1. You can create a perfect balance between bratwurst and bun — aka Sheboygan hard roll with a double brat.
2. You can sing any Badger song on command without thinking about it.
3. Mifflin has given you the secret to chugging beer.
4. You actually look fabulous in cheesehead gear.
5. You are all-powerful and all-knowing when it comes to St. Paddy’s Day on Water Street.
6. Your old fashioneds are flawless — pour the brandy for 5 Mississippis, add one can of lemon-lime soda, one teaspoon of raw sugar, and one shot of bitters, top it off with two green olives.

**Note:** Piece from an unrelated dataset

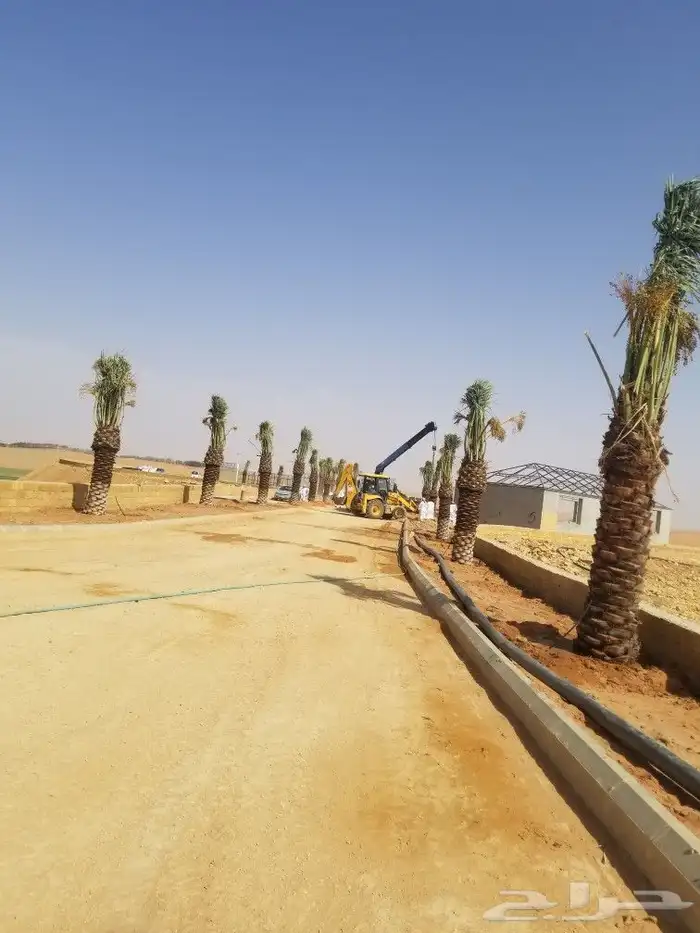 نخل اخلاص وبرحي 0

7. You have the ability to arrive at a Brewer game with just enough tailgating time to fry up two dozen brats for the group, drink four beers, and get in three rounds of bags — all without getting too drunk to find your seat at Miller Park.
8. You’ve found a way to forgive Ryan Braun.
9. You can wake up before the sun rises and not have a problem, thanks to going to deer camp every year.
10. You can convince absolutely anyone to root for the Packers and Badgers.
11. You can nasalize any vowel.
12. You can concoct a way better maple syrup than anything you’d get in Canada, just from the trees in your backyard.
13. You always know which way is east. (Thanks, Lake Michigan.)
14. You can withstand wearing shorts and flip-flops in 35-degree weather.
15. You can beat anyone at Cornhole single-handed.